Millenovecentottantasette. Sono ormai 24 primavere che i fratelli Nicola e Pier Luigi Portinari lavorano alla ricetta originale della cucina italiana. Estrosa, colorata, up-to-date. Anagraficamente giovane e soprattutto generosa, quando non è addirittura “tanta”. Gusto, prodotto, istinto di razza. Li si definirebbe quasi dei solisti se solo non giocassero in doppio, rimpallando lo zucchero e il sale, il rigore con l’immaginazione. Tanto che la loro Peca può essere decifrata così: come un tassello della rivoluzione italiana.
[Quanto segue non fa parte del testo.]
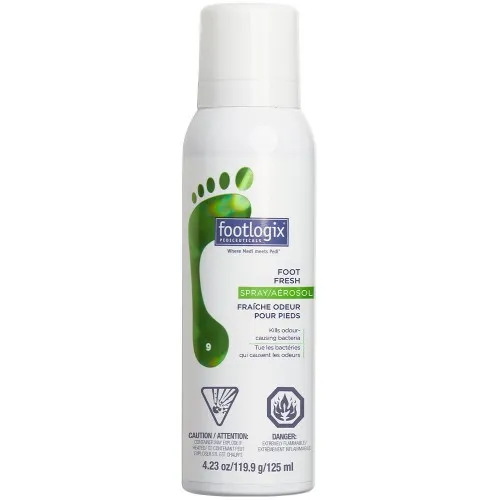 Footlogix Foot Fresh Spray 4.2oz
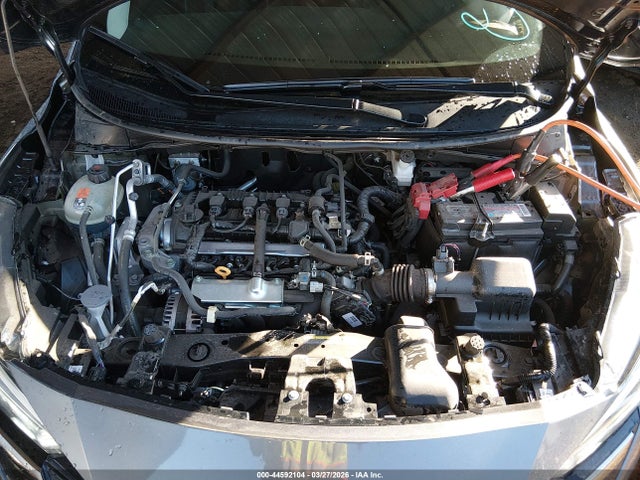 3N1CN8FV4PL846471 Nissan Versa 1.6 Sr Xtronic Cvt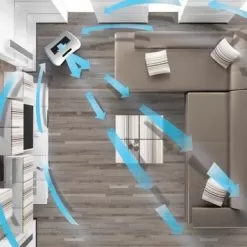 Vornado True HEPA Whole Room Air Purifier -Appliance Shop 820e3eea ab8c 45da 9e8f f414272079a2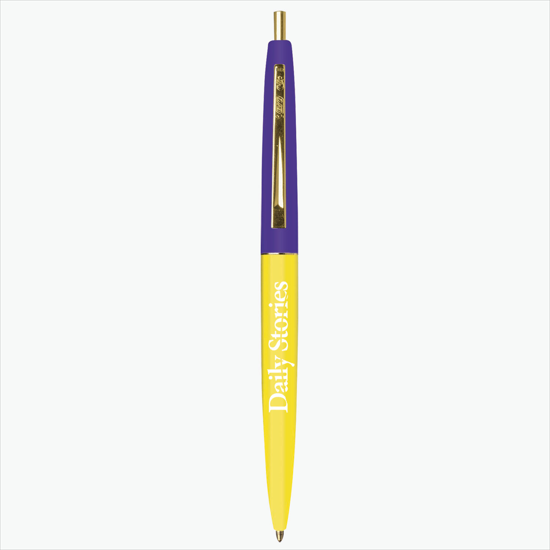 Clic Gold Pen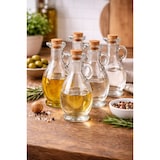 thumbnail of Set da 6 bottigliette in vetro versatrici 250 ml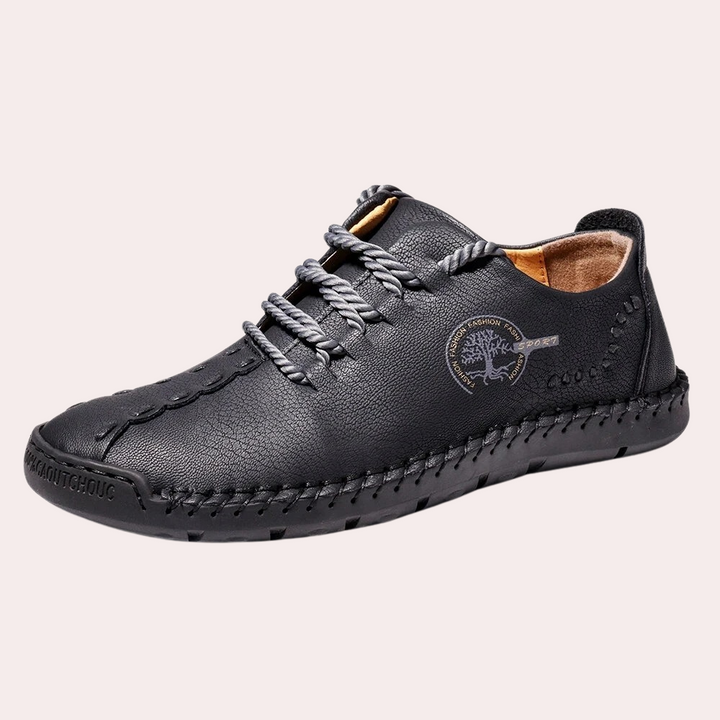 Erdmann - Scarpe da tempo libero - Eleganti - Materiale lussuoso - Adatte per tutti i giorni per uomo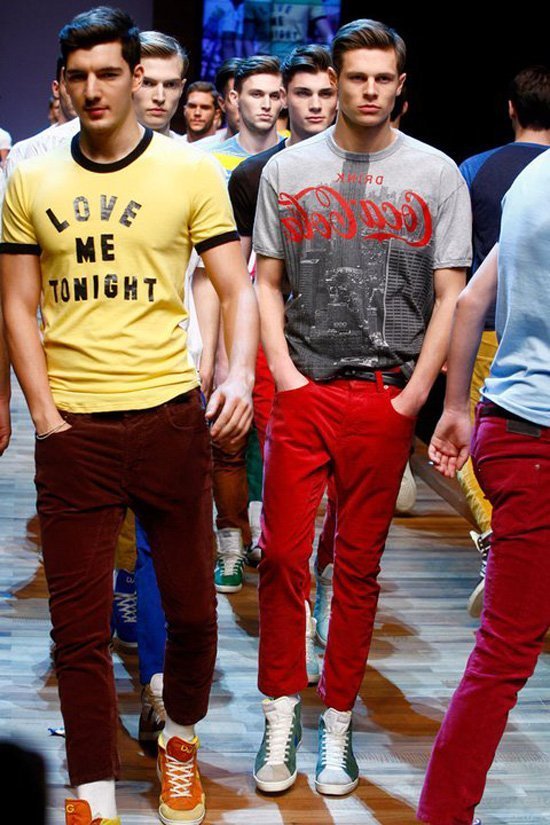 Дольче и Габбана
E se gli autodidatti sono da vent’anni la spina dorsale della nostra identità, renitente alle accademie e alle brigate straniere, capace di regger la baracca mentre salva il midollo del sentimento popolare, senza la vertebra di Lonigo quella struttura avrebbe ceduto almeno un po’, con gli inevitabili vacillamenti del caso.
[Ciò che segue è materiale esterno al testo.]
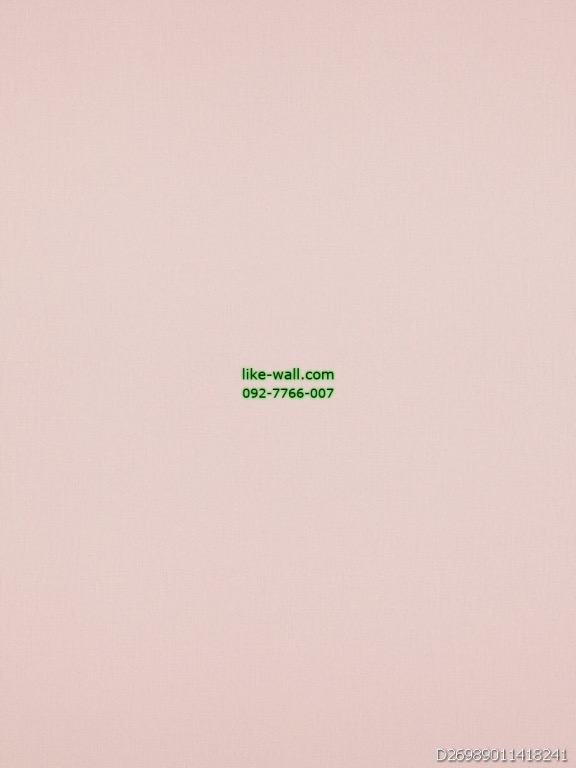 วอลเปเปอร์ติดผนัง ลายพื้น สีชมพู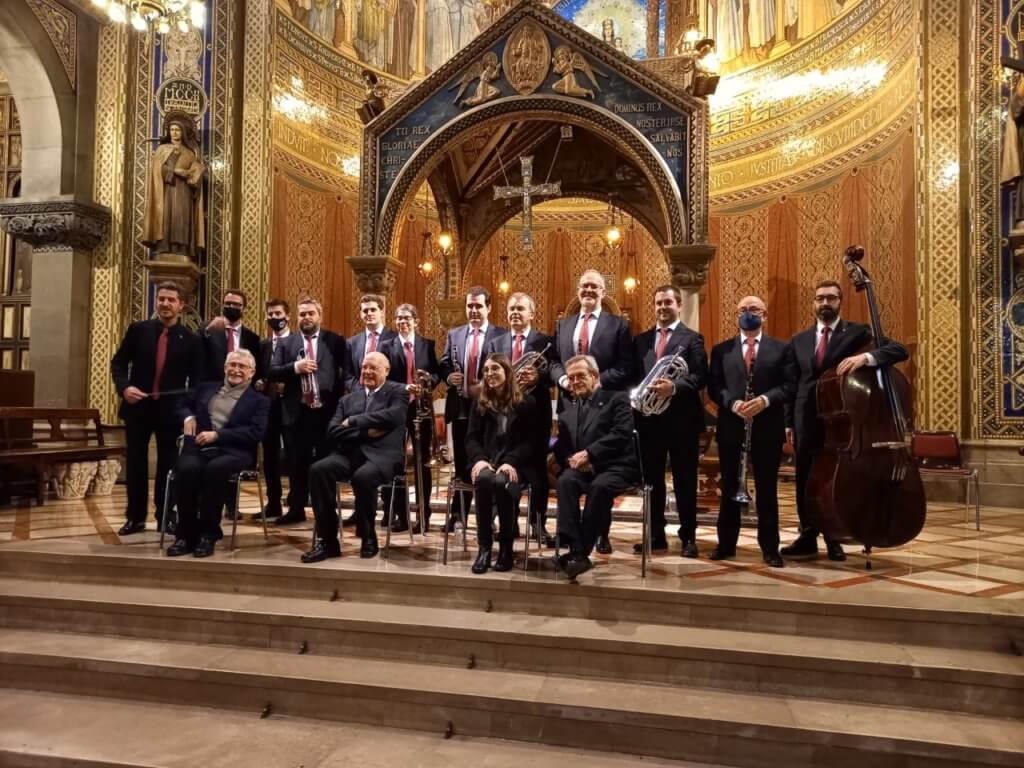 CONCERT DE SARDANES ESCRITES PER CAPELLANS I RELIGIOSOS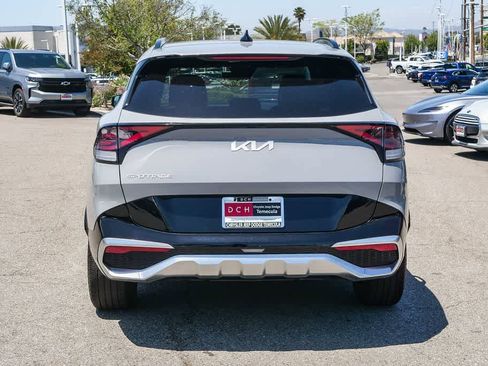 Used 2024 Kia Sportage SX FWD image 5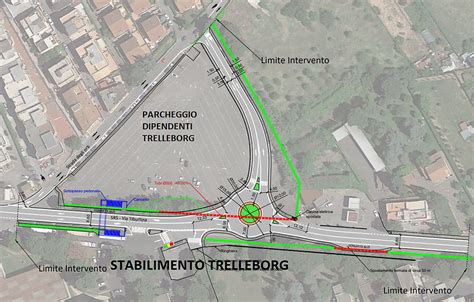 Tivoli Si Progettano Due Rotatorie A Villa Adriana Sulla Tiburtina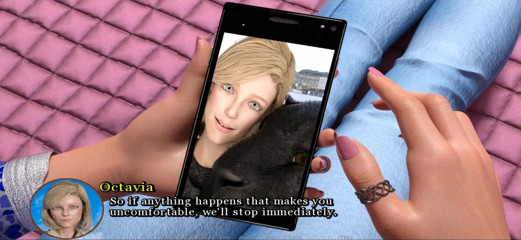Visual Novels: Avalon część 46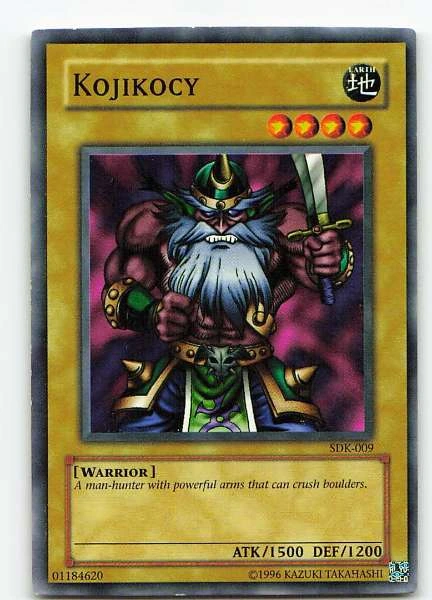 Kojikocy - Starter Deck: Kaiba #009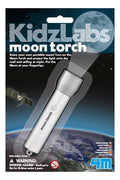 Toysmith 4M KidzLabs Moon Torch Projector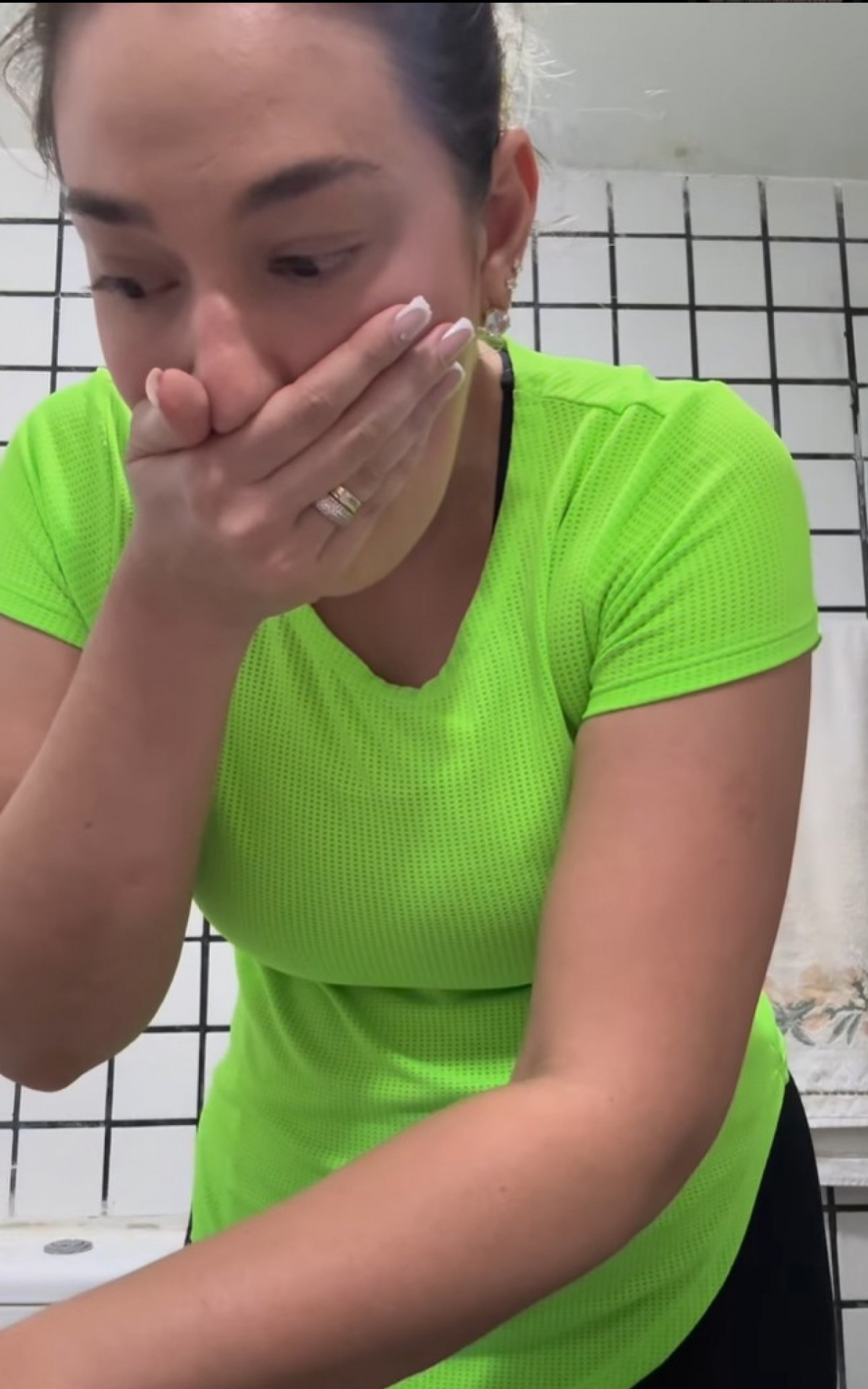 Ex-BBB Marília Miranda anuncia gravidez - Reprodução/Instagram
Siamo nel mezzo dei Colli Berici, a qualche chilometro dal distretto della pelle di Arzignano. I filari di garganega spezzano il ritmo dei capannoni del nord est. La religione del lavoro fiancheggia il genius loci; la tecnologia il sentimento. E anche il ristorante un tempo era un casolare, che il duo ha ristrutturato costellandolo di arredi colorati e moderni, fra i quali rilucono perle di design contemporaneo o vintage. Le strategiche lampade a sospensione come l’Artichoke di Paul Henningsen.
Dietro le quinte c’è una cucina super equipaggiata, dove in silenzio il Rotovapor distilla la memoria dalle scorie dell’olografia e l’avanguardia dai cascami della moda. È quella che da queste parti chiamano “peca”, ovvero impronta, traccia – o forse sottotraccia, data la sottigliezza di talune soluzioni. Un ingrediente primario che nei cataloghi dei grandi selezionatori non può certo fare capolino.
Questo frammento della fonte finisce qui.